▶ Task
When you reach the line that contains "Patio - 6412 Fountain Ave", begin copying exactly, and continue through the last line of the data; no pictures belong in the copy.

▶ Provided entries
************

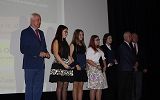 zdjęcie grupowe nagrodzonych stypendystów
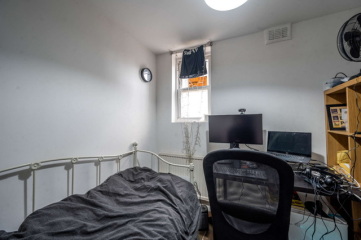 To want to "stage" apartment for sale? (DP disagrees)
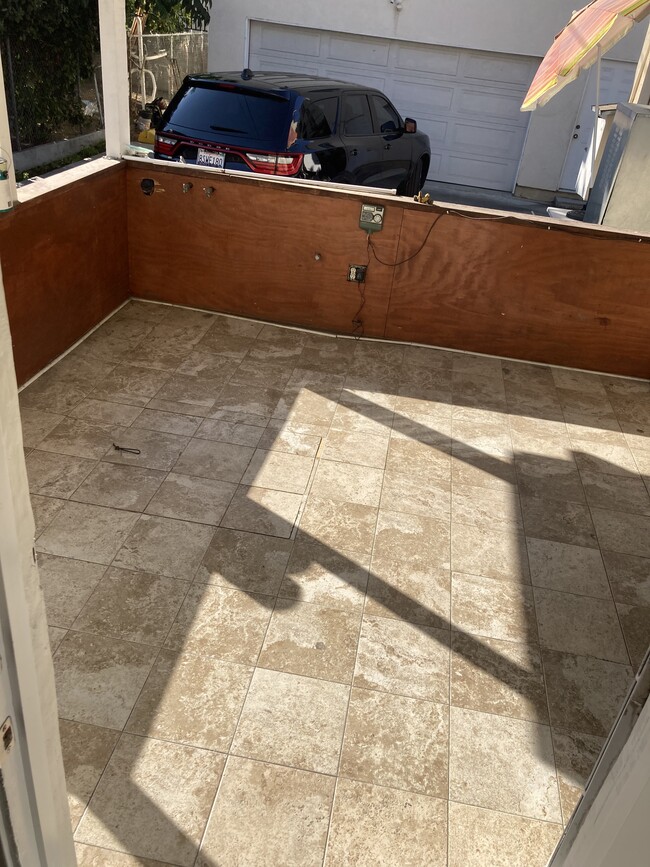 Patio - 6412 Fountain Ave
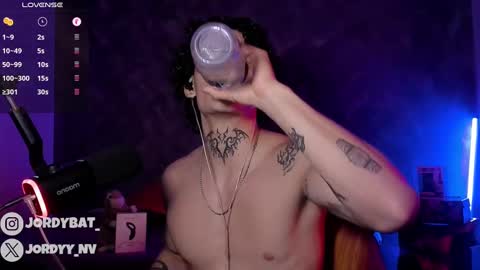 Snapshot of jordybatt chatting on 03.11.25 JORDY online show from 03.11.25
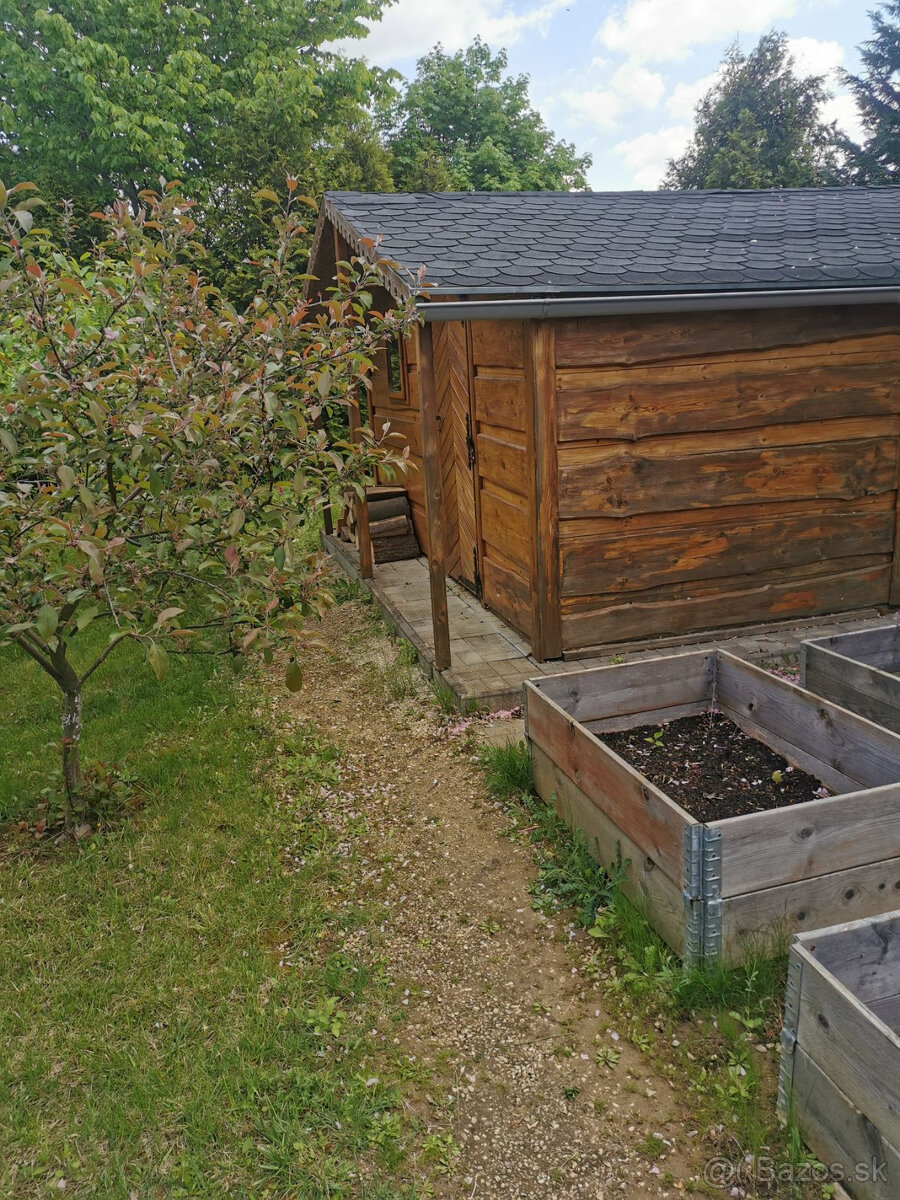 Novší, poschodový rod.dom M.Lapáš na 11á pozemku - 16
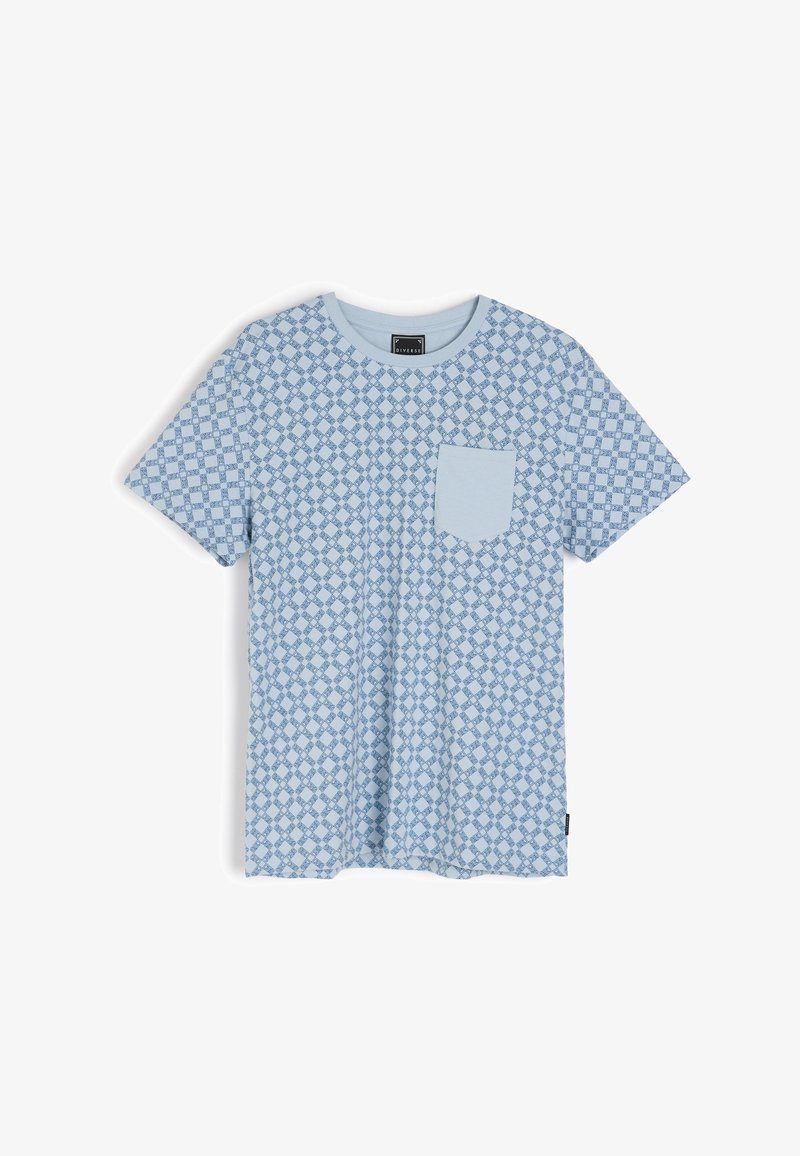 Jasnoniebieska koszulka z okrągłym dekoltem, z geometrycznym wzorem w ciemniejszym niebieskim kolorze. Posiada kieszonkę na piersi i jest wykonana z miękkiego materiału.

************

▶ Response to this task
 Patio - 6412 Fountain Ave
 Snapshot of jordybatt chatting on 03.11.25 JORDY online show from 03.11.25
 Novší, poschodový rod.dom M.Lapáš na 11á pozemku - 16
 Jasnoniebieska koszulka z okrągłym dekoltem, z geometrycznym wzorem w ciemniejszym niebieskim kolorze. Posiada kieszonkę na piersi i jest wykonana z miękkiego materiału.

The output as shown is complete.